Create a subdirectory in 'TubeKit' directory with a name of your project. For instance, if you want to create a crawler for travel related videos, you might want to create a subdirectory called 'Travel'. Make sure your web-server has write permissions to the project directory.
Point your browser to 'TubeKit' directory through the web-server. If you have a standard configuration, this could be http://127.0.0.1/TubeKit. Ask your system administrator if you are not clear about using the web-server.
Click on 'Setup' and fill in the details. Description of these fields is given below.

Basic Configuration

Specify a name of your project. Make sure this is same as the name of the directory that you created for your project. In the example given above, this will be 'Travel' (watch for the case).
Give a prefix. This will be used to name the files generated. For travel project, this could be 'tr'.
Give the path to store the crawler. For our example above, this could be /home/public_html/TubeKit/Travel. DO NOT include '/' at the end. TubeKit will create two subdirectories in there: one for storing flash videos, and the other one for MPEG videos.

Database Setup

Provide the host name. If the database is on your local machine, this would be 'localhost'.
Give a name for your database. For instance, 'travel'.
Provide username for your MySQL account.
Provide password for your MySQL account.

YouTube Setup

Select from 17 different attributes to crawl for each video.
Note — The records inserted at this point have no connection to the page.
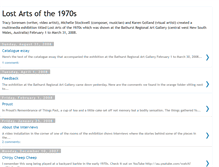 Tablet Screenshot of lostartsofthe1970s.blogspot.com
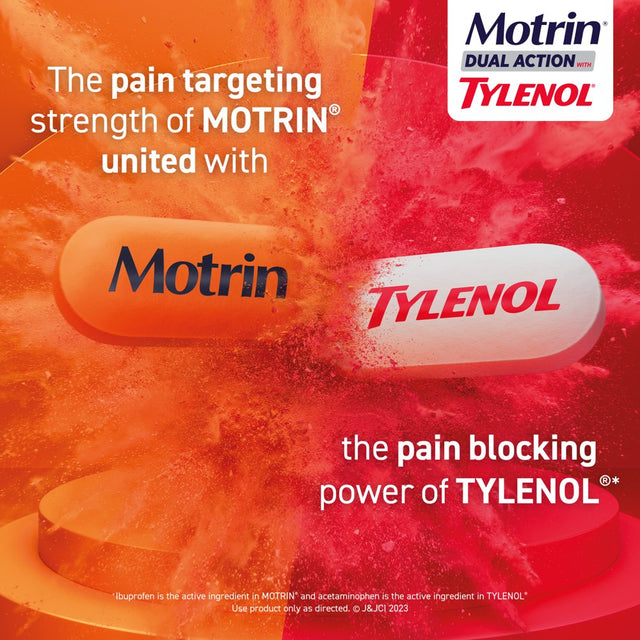 Motrin Dual Action with Tylenol, Ibuprofen & Acetaminophen, 120Ct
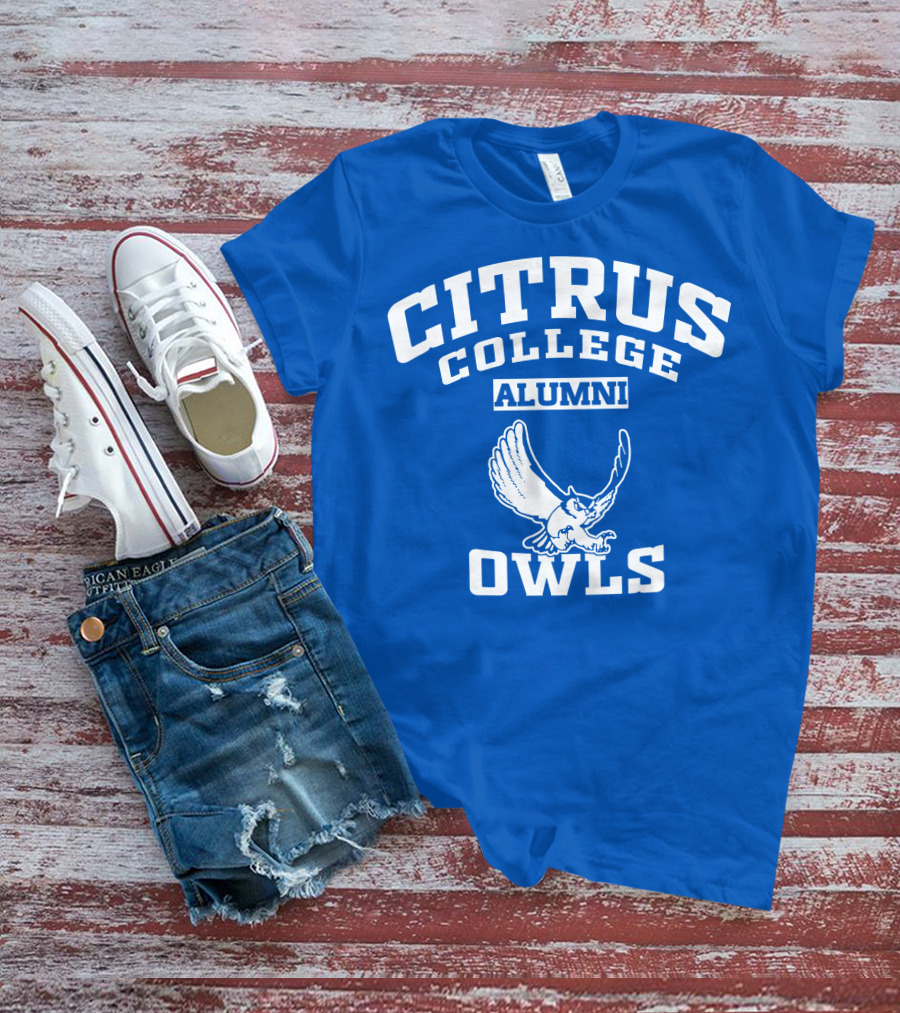 Citrus College Alumni Owls Blue T-Shirt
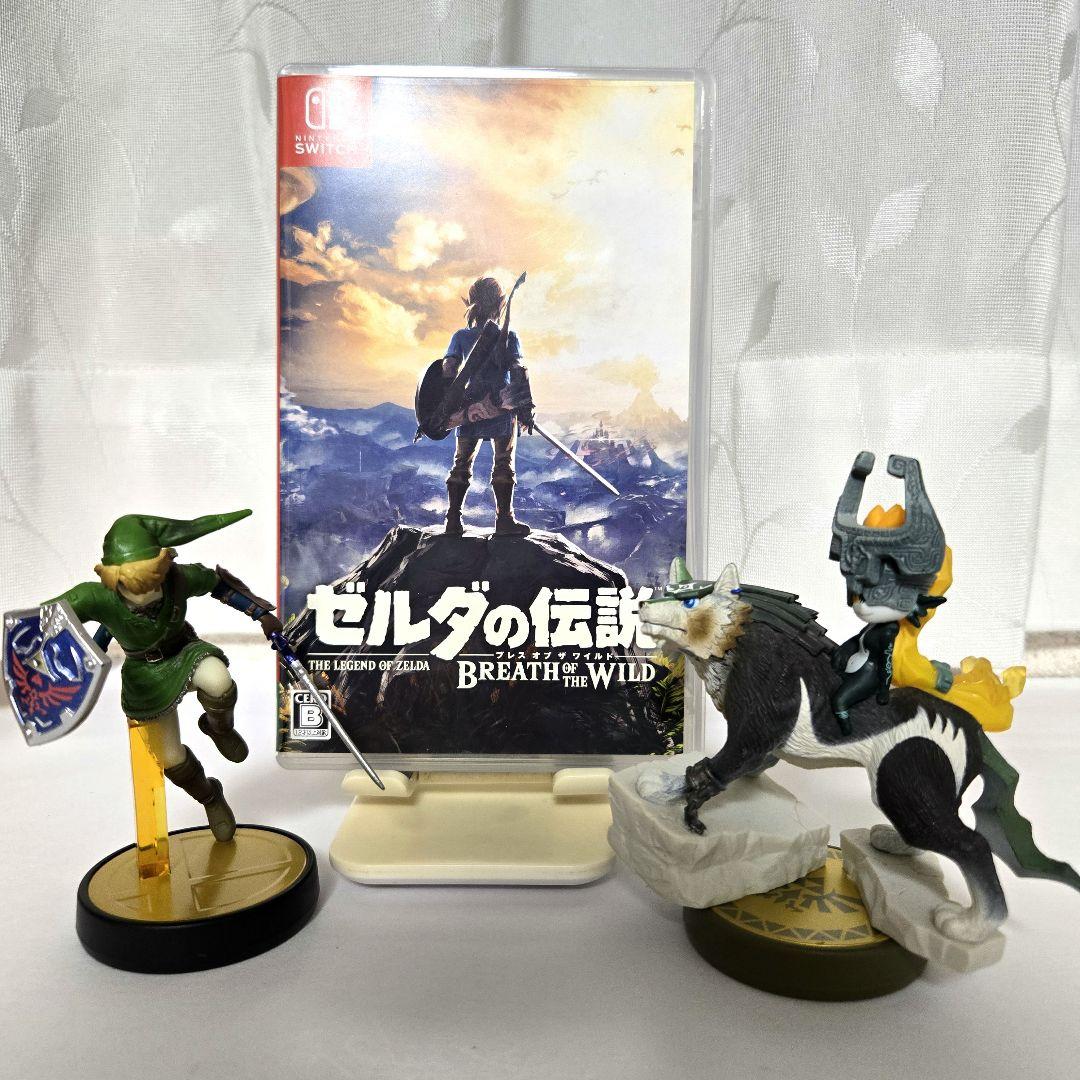 【ウルフ♡20 リンク付き】ゼルダの伝説 ブレスオブザワイルド switch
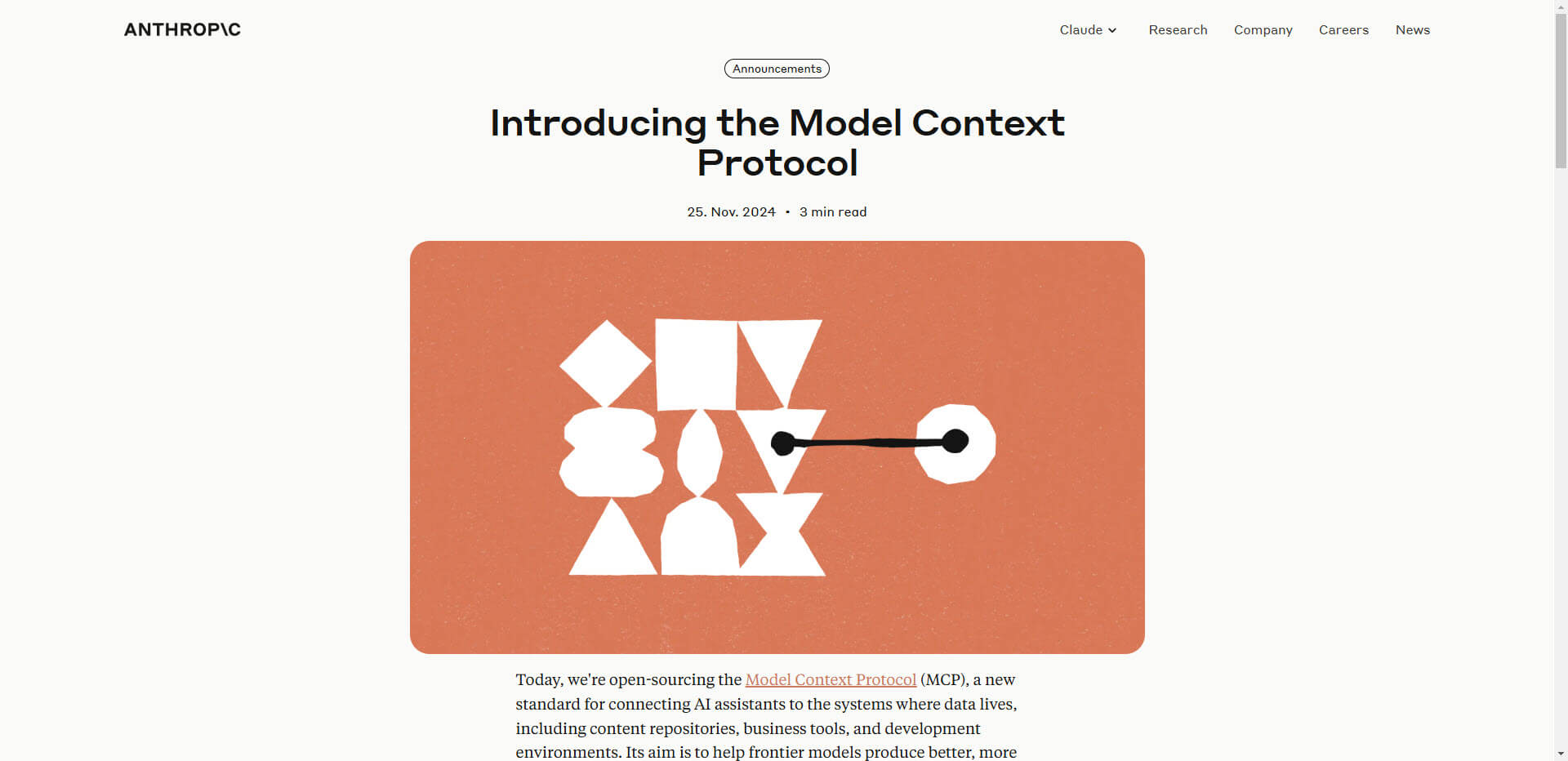 Anthropic Model Context Protocol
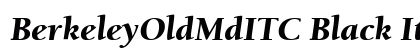 BerkeleyOldMdITC Black Italic preview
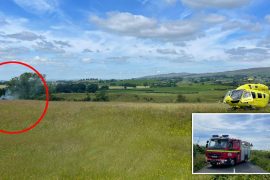 Burton in Lonsdale: Two dead in helicopter crash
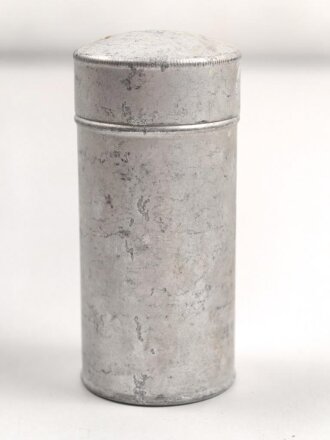 Rasierseifenbehälter Aluminium, ungebraucht aus...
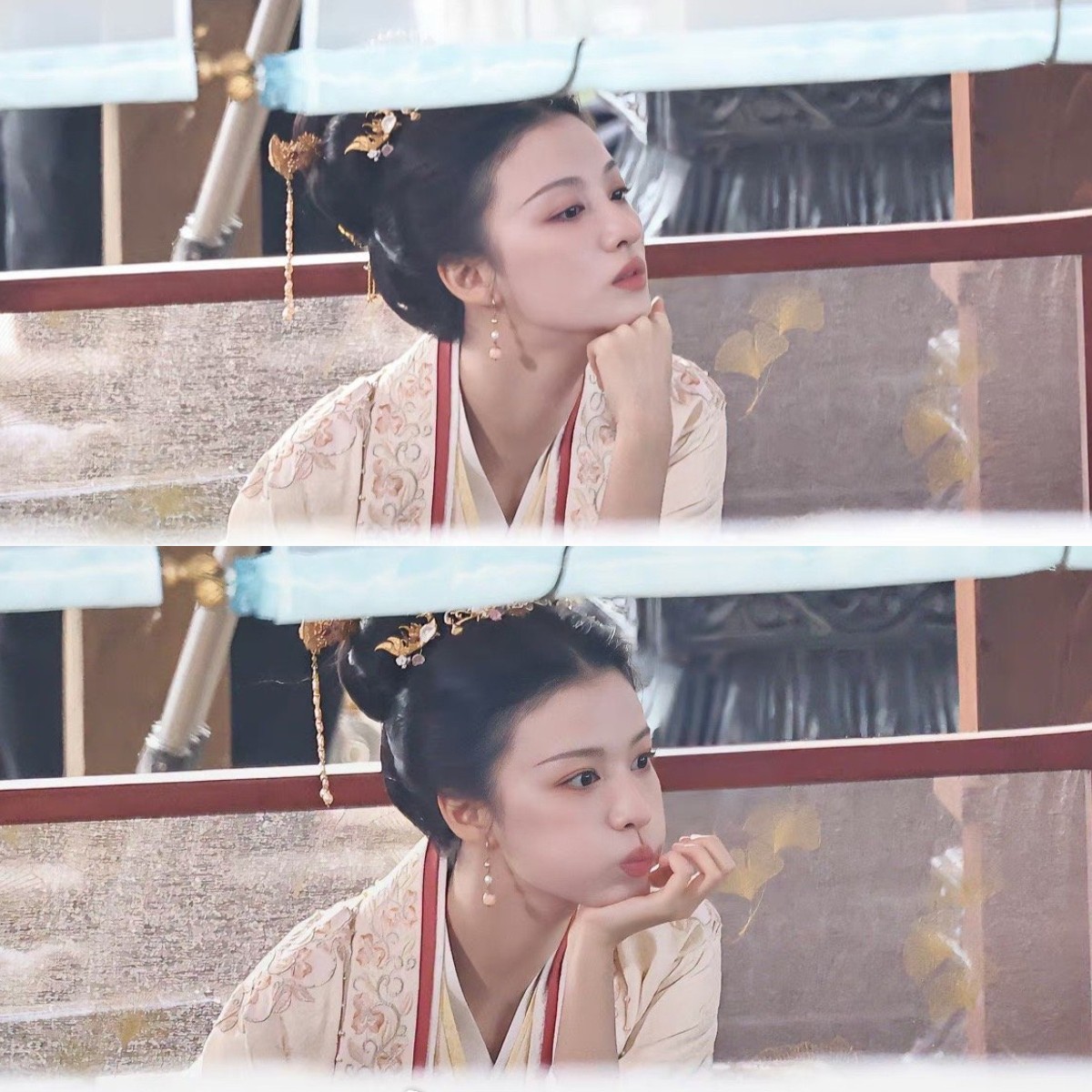 Vương Sở Nhiên xinh đẹp  trên phim trường 'Liễu Chu Ký'.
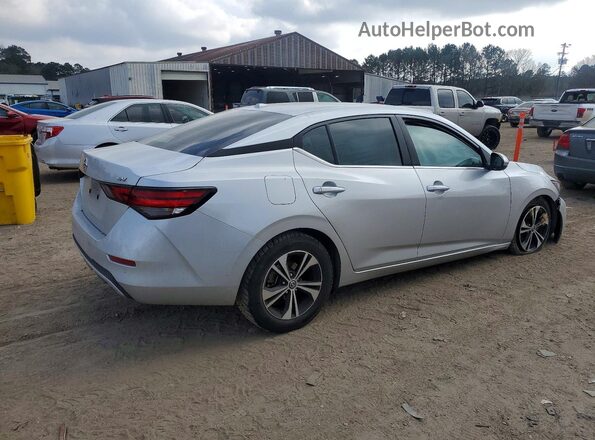3N1AB8CV0PY227311 2023 NISSAN SENTRA Silver Задня права чверть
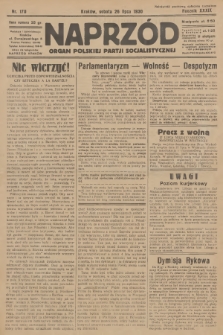 Naprzód : organ Polskiej Partji Socjalistycznej. 1930, nr 170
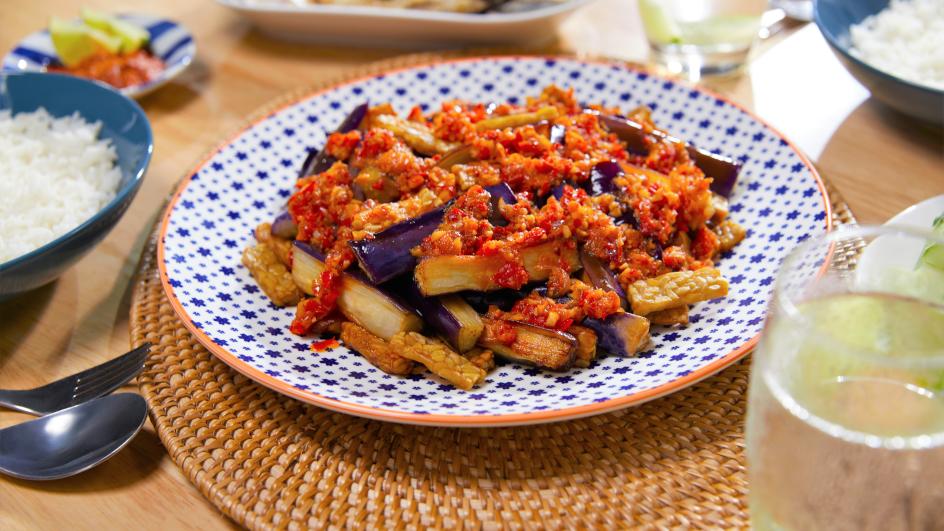 Spicy Tempeh & Eggplant Sambal Recipe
You can select an attribute to be collected only once (the first time that video is crawled), every time, or never.

Crawling Setup

Specify when each of the components should be executed on a regular basis. If something is not relevant, put '*'. Brief description of these components is given below.

Execute queries (component-1): run the seed queries on YouTube and collect the top 100 results. Each time there is a new video, extract the attributes that are marked to be collected only once.
Crawl (component-2): look into the list of videos resulted by executing the queries, go back to YouTube and extract the 'Every time' marked attributes for those videos.
Download videos in Flash format (component-3): YouTube has videos in flash format. We use a third party tool called 'youtube-dl' to download flash videos.
Convert videos to MPEG (component-4): it may be helpful to have videos in more standardized format such as mpeg. This component does exactly that using 'ffmpeg'

Note: typically, you should put component-1 run first. It should take a few minutes based on the number of queries. Running component-2 after component-1 is finished is a good practice, so that you have the information about all the new results for the queries that you have. Components 3 and 4 can be run any time. Scheduling is optional; if you want, you can run all the components manually.

What happens next?

Once you click 'Run Setup', the following things happen.

Configuration paramaters are stored in project_directory/config.php.
Other scripts are created and stored in the project directory.
Database is created.
Tables for queries, crawl-once, and crawl-everytime are created.
A file is created that lists your cron jobs (scheduled events on a UNIX system). Use this file to schedule your cron jobs ('crontab cron_file_name' command) or append to your existing cron jobs (using 'crontab -e' command).

You should now be able to browse your crawler by pointing your browser to that subdirectory. In our example case, it could be http://127.0.0.1/TubeKit/Travel. If you want to edit cron jobs, use 'crontab -e' command.

Click on 'Queries' link and add seed queries in the interface that comes up. These queries will now continue to be monitored as per the configuration. If you want to edit the queries, you should directly login to your MySQL database and access the table 'prefix_queries'.